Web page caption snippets
★ ★ ★ ★ ★ ★ ★

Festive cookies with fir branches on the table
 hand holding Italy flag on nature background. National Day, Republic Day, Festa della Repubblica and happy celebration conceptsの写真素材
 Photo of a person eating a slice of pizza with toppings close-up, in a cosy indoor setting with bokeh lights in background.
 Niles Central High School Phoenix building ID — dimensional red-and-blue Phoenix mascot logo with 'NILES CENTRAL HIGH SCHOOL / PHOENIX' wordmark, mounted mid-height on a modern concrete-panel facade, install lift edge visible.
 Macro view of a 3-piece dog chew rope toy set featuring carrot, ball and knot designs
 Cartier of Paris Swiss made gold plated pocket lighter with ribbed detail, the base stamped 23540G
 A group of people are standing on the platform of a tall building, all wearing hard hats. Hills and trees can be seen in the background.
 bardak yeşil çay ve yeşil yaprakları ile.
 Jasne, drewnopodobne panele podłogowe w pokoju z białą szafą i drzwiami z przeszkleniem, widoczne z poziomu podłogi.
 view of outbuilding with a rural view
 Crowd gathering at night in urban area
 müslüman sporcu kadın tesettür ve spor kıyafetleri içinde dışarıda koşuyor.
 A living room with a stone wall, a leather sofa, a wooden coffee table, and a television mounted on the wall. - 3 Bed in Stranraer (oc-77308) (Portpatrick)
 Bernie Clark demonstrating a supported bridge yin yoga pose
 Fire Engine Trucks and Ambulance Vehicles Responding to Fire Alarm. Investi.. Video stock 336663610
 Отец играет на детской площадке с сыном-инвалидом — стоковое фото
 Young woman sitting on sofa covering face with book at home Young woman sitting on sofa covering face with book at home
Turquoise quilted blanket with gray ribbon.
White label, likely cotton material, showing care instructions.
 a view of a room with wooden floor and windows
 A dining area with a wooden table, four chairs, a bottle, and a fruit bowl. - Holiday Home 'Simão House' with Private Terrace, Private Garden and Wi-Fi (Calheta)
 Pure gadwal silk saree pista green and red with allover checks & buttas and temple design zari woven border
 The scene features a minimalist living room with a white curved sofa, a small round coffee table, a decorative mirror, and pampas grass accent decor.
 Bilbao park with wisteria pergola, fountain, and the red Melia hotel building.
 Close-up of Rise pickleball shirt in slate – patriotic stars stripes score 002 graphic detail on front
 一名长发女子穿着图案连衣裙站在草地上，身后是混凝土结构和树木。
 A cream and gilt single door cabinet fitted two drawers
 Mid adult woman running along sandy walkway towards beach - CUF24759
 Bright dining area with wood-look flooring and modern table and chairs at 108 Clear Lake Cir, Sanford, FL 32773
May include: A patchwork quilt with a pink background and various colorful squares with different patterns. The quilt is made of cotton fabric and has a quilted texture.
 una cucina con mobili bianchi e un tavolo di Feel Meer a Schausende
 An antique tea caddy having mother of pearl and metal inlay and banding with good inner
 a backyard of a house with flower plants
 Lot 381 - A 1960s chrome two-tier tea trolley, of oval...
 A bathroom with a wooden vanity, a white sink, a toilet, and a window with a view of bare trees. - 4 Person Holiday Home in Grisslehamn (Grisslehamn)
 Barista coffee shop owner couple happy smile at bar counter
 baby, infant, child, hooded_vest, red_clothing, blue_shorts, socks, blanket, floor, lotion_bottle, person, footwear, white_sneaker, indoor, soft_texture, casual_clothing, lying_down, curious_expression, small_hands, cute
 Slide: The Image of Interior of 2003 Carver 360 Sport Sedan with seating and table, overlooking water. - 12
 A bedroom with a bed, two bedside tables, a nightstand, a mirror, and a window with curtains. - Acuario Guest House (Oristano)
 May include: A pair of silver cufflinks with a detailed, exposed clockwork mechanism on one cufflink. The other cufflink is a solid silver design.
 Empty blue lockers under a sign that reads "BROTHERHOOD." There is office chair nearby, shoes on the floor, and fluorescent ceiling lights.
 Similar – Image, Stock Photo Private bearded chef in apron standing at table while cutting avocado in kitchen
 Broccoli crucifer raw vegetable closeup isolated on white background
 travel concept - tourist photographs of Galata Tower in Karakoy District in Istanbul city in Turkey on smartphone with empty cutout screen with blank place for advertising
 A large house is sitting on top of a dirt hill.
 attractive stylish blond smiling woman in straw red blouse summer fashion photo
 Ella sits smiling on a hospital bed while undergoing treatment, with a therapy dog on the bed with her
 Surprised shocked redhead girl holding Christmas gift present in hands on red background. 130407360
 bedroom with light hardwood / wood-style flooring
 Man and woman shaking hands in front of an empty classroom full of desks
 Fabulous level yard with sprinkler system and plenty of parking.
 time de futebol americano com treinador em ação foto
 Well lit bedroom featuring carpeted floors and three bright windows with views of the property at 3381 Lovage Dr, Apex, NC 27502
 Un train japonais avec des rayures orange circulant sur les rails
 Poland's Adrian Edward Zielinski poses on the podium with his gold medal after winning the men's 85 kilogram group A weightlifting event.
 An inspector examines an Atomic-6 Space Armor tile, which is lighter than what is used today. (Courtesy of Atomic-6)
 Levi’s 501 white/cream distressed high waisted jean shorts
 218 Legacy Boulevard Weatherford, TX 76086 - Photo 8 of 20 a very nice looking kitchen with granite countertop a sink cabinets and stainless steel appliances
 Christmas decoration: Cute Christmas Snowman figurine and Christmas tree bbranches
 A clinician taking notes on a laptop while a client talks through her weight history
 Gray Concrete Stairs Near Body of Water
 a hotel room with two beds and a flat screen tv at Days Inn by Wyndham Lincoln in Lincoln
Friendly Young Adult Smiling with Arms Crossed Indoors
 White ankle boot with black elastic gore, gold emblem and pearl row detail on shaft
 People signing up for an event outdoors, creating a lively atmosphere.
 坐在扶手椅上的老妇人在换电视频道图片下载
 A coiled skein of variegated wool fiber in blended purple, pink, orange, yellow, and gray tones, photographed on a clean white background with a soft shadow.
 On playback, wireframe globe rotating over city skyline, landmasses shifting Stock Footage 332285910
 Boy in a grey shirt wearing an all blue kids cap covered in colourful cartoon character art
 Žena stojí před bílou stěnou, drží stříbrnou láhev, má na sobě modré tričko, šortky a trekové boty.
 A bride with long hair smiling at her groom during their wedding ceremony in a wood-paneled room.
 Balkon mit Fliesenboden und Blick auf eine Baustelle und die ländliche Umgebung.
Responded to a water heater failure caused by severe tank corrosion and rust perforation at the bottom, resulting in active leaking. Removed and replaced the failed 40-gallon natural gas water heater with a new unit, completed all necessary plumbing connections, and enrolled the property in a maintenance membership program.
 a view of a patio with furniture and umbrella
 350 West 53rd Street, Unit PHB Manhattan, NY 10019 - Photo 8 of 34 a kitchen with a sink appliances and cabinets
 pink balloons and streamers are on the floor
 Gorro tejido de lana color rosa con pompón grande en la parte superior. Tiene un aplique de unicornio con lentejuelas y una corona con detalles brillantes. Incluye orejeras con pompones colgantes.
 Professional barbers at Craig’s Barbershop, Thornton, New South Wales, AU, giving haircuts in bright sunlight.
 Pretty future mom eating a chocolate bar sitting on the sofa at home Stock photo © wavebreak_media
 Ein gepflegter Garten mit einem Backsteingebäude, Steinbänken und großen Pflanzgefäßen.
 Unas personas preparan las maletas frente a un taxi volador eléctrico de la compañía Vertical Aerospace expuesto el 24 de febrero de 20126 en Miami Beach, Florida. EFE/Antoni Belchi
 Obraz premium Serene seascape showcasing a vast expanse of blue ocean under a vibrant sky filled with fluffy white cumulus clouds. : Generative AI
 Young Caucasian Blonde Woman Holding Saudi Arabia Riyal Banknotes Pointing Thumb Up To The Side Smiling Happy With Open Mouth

★ ★ ★ ★ ★ ★ ★

From the records above, retype only the lines starting at the line that contains "Jasne, drewnopodobne panele" and ending at the line that contains "Bright dining area", both included.

 Jasne, drewnopodobne panele podłogowe w pokoju z białą szafą i drzwiami z przeszkleniem, widoczne z poziomu podłogi.
 view of outbuilding with a rural view
 Crowd gathering at night in urban area
 müslüman sporcu kadın tesettür ve spor kıyafetleri içinde dışarıda koşuyor.
 A living room with a stone wall, a leather sofa, a wooden coffee table, and a television mounted on the wall. - 3 Bed in Stranraer (oc-77308) (Portpatrick)
 Bernie Clark demonstrating a supported bridge yin yoga pose
 Fire Engine Trucks and Ambulance Vehicles Responding to Fire Alarm. Investi.. Video stock 336663610
 Отец играет на детской площадке с сыном-инвалидом — стоковое фото
 Young woman sitting on sofa covering face with book at home Young woman sitting on sofa covering face with book at home
Turquoise quilted blanket with gray ribbon.
White label, likely cotton material, showing care instructions.
 a view of a room with wooden floor and windows
 A dining area with a wooden table, four chairs, a bottle, and a fruit bowl. - Holiday Home 'Simão House' with Private Terrace, Private Garden and Wi-Fi (Calheta)
 Pure gadwal silk saree pista green and red with allover checks & buttas and temple design zari woven border
 The scene features a minimalist living room with a white curved sofa, a small round coffee table, a decorative mirror, and pampas grass accent decor.
 Bilbao park with wisteria pergola, fountain, and the red Melia hotel building.
 Close-up of Rise pickleball shirt in slate – patriotic stars stripes score 002 graphic detail on front
 一名长发女子穿着图案连衣裙站在草地上，身后是混凝土结构和树木。
 A cream and gilt single door cabinet fitted two drawers
 Mid adult woman running along sandy walkway towards beach - CUF24759
 Bright dining area with wood-look flooring and modern table and chairs at 108 Clear Lake Cir, Sanford, FL 32773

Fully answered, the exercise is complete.